SUPPLIED INFORMATION:
- Opening Delimiter -
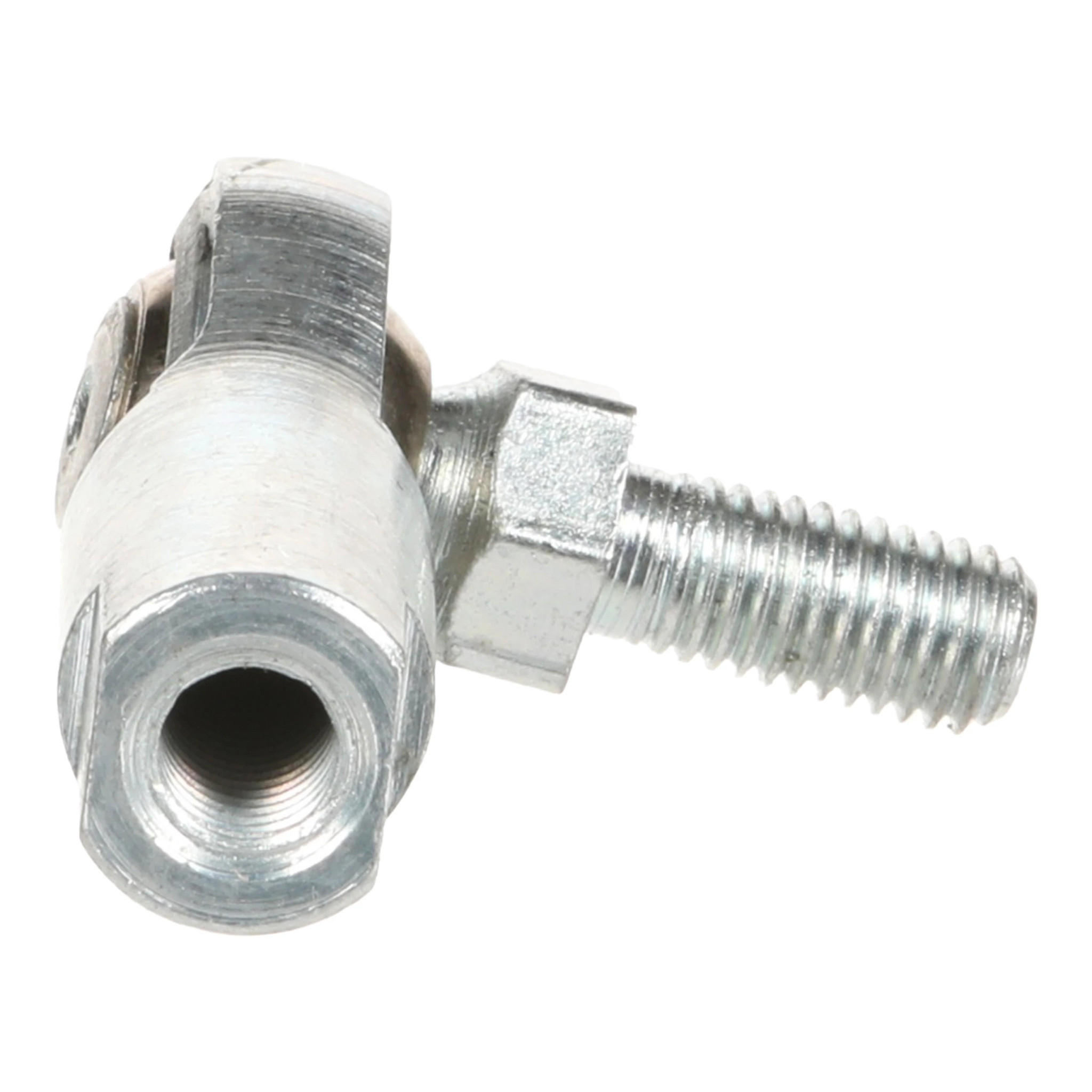 SNODO | CASEIH | IT | IT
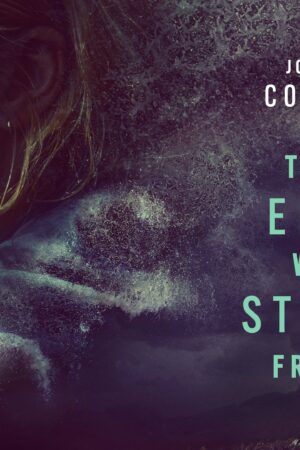 Bắt Đầu Từ Sự Kết Thúc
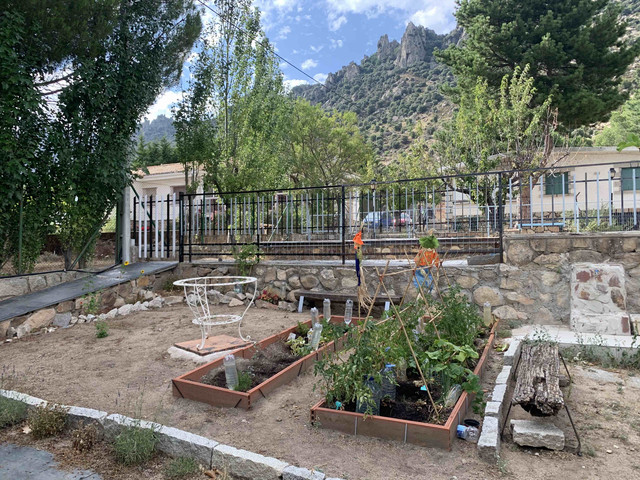 zona-huerto03.jpg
- Closing Delimiter -
TASK:
Repeat the data word for word, excluding any image.

RESPONSE TO THIS TASK:
 SNODO | CASEIH | IT | IT
 Bắt Đầu Từ Sự Kết Thúc
 zona-huerto03.jpg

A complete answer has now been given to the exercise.